WASHINGTON, Oct. 14 (UPI) — Corruption tied to the loan guarantee for bankrupt solar panel company Solyndra goes all the way to the inner circles of the White House, a lawmaker said.
California solar panel company Solyndra received a $535 million loan from the U.S. government as part of a federal stimulus initiative meant to kick start the drive toward a green economy. The company later had its offices raided by the FBI after it filed for bankruptcy.
The U.S. Treasury Department had expressed concern over a decision to restructure the loan, noting it might’ve violated federal law.
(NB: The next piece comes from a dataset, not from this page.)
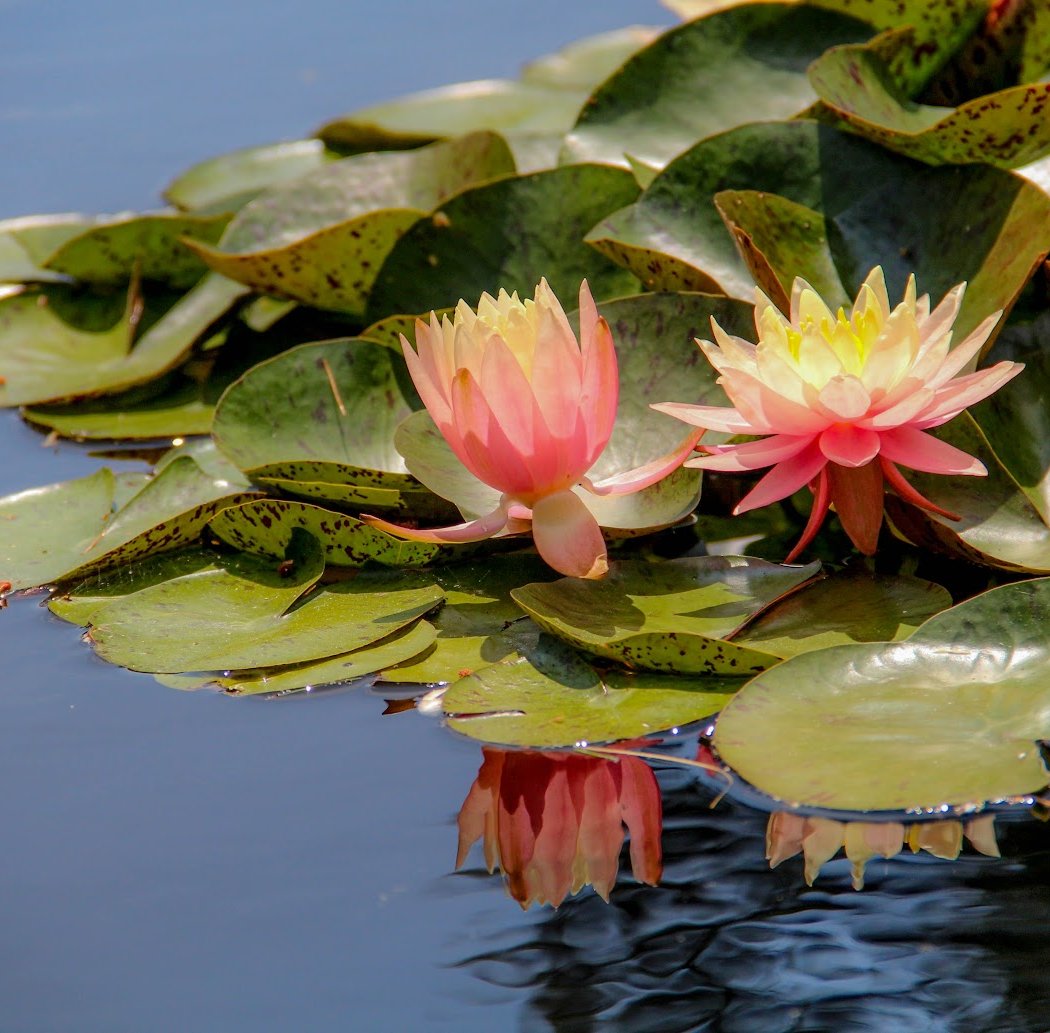 New Jersey Botanical Garden 1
Rep. Cliff Stearns, R-Fla., chairman of a House oversight committee, said there was a “disturbing prevalence of wealthy donors and bundlers littered throughout the loan guarantee process, with direct access to the president’s West Wing inner circle.”
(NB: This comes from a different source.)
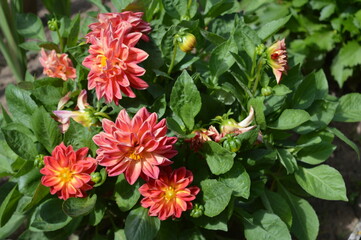 orange dahlia in the garden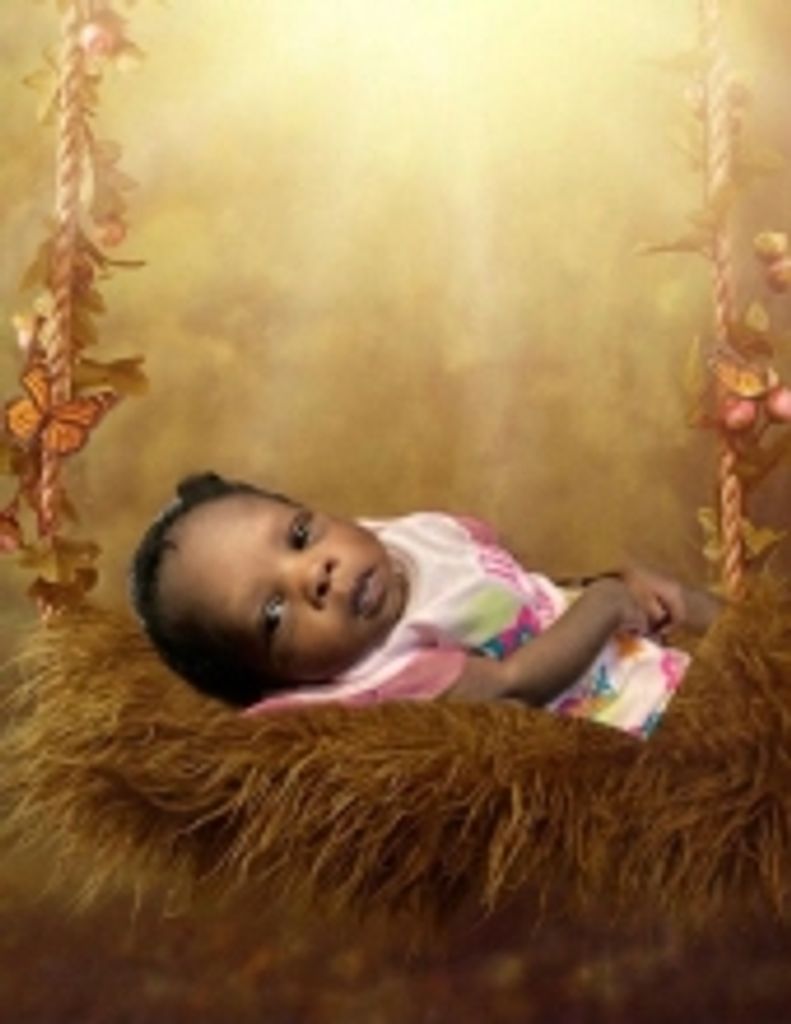 Bre'Asia Laneshia Wilkins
He added the Treasury Department’s recent concerns about the debt restructuring were “startling.” The White House has defended its action, saying it needed to be aggressive given China’s action in the green energy sector.
Documents filed with a Delaware bankruptcy court said Brian Harrison resigned as Solyndra’s chief executive officer, CNNMoney reports.
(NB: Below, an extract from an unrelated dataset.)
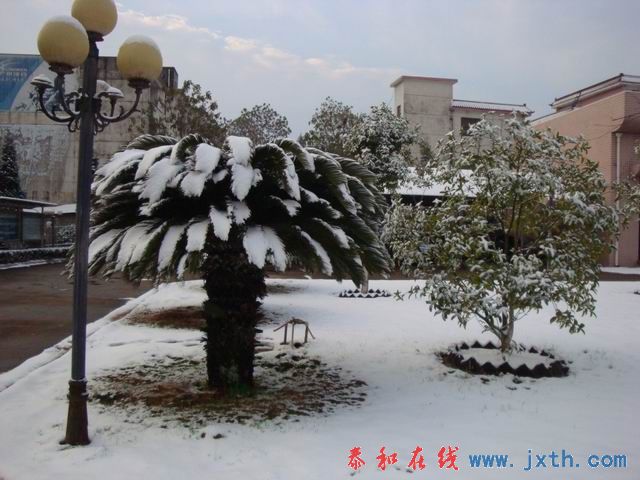 С DSC09017.JPG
The company has asked the court’s permission to replace Harrison with R. Todd Nielson, who would serve as a chief restructuring officer.
Harrison and Chief Financial Officer W.G. “Bill” Stover received subpoenas in September to appear before an investigative subcommittee of the House Energy and Commerce Committee. Their lawyer, however, advised the executives to decline to answer questions.